**Data provided:**
-- Opening Marker --
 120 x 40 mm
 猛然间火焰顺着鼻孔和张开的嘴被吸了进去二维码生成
-- Closing Marker --
-- Opening Marker --
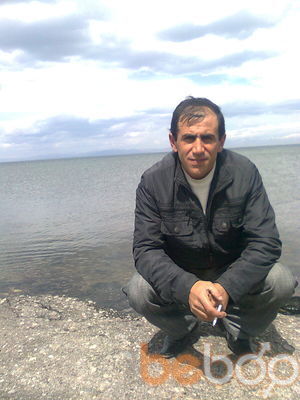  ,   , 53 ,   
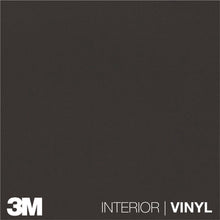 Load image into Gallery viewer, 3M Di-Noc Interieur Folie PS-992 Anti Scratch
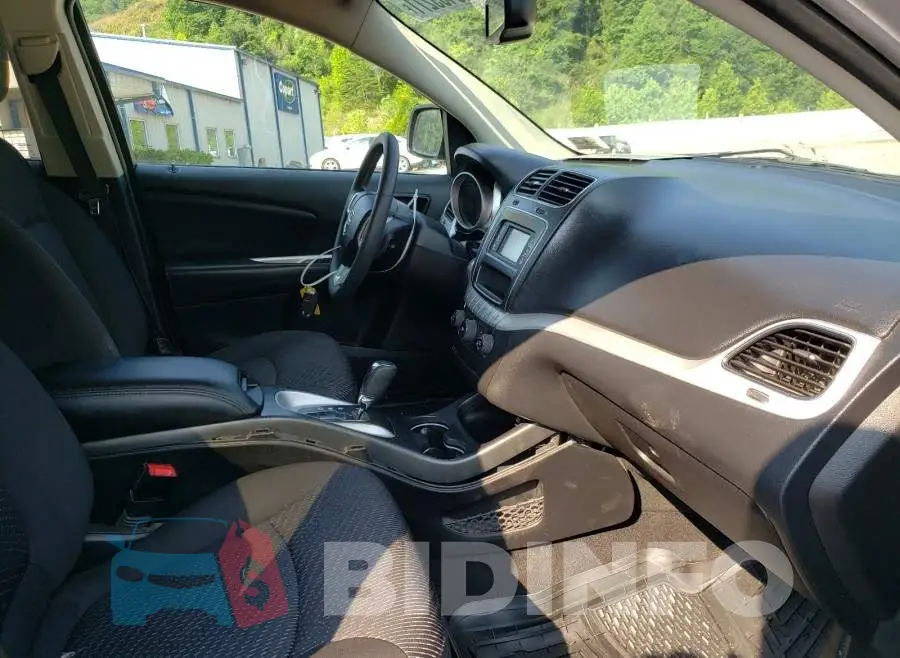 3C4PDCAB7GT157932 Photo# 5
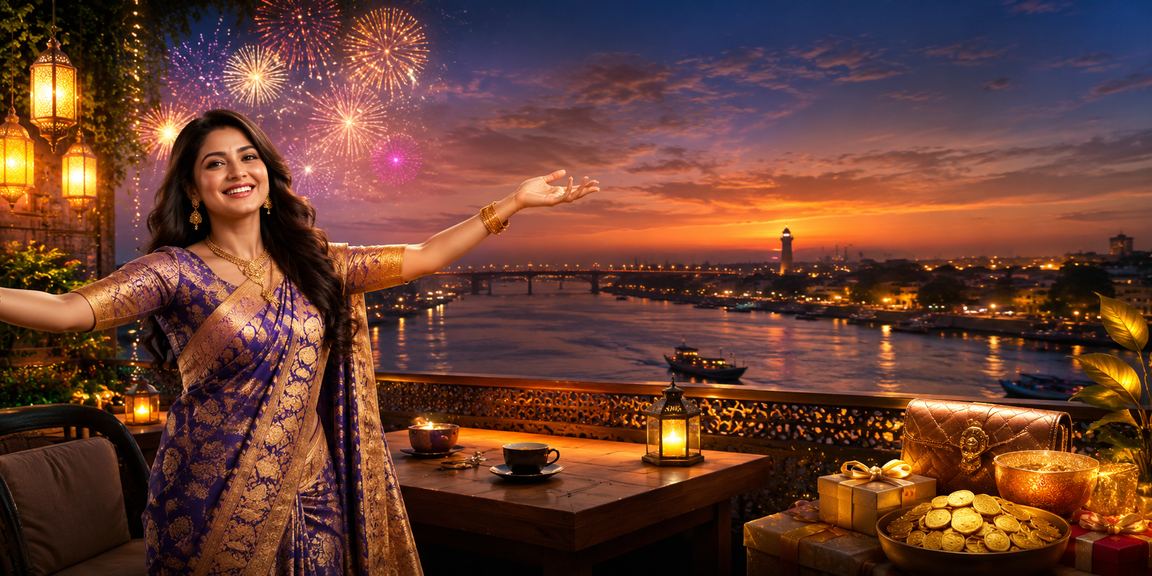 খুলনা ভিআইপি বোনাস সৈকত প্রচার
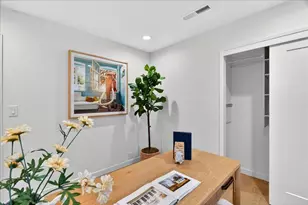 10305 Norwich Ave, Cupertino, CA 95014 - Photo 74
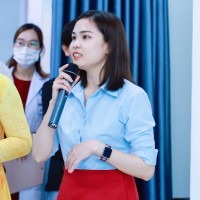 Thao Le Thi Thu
-- Closing Marker --
-- Opening Marker --
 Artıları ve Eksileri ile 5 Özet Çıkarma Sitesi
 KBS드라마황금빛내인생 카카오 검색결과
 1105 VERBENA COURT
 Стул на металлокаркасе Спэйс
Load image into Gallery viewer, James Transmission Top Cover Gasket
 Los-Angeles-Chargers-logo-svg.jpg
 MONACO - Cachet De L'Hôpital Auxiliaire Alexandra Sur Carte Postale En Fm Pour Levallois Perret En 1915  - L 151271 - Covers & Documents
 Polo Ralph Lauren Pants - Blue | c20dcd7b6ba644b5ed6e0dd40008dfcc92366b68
-- Closing Marker --
**Problem to solve:**
Taking the entries above, extract every line from the one bearing "খুলনা ভিআইপি বোনাস সৈকত প্রচার" through the one bearing "Thao Le Thi Thu", exactly, with no pictures.

**Result:**
 খুলনা ভিআইপি বোনাস সৈকত প্রচার
 10305 Norwich Ave, Cupertino, CA 95014 - Photo 74
 Thao Le Thi Thu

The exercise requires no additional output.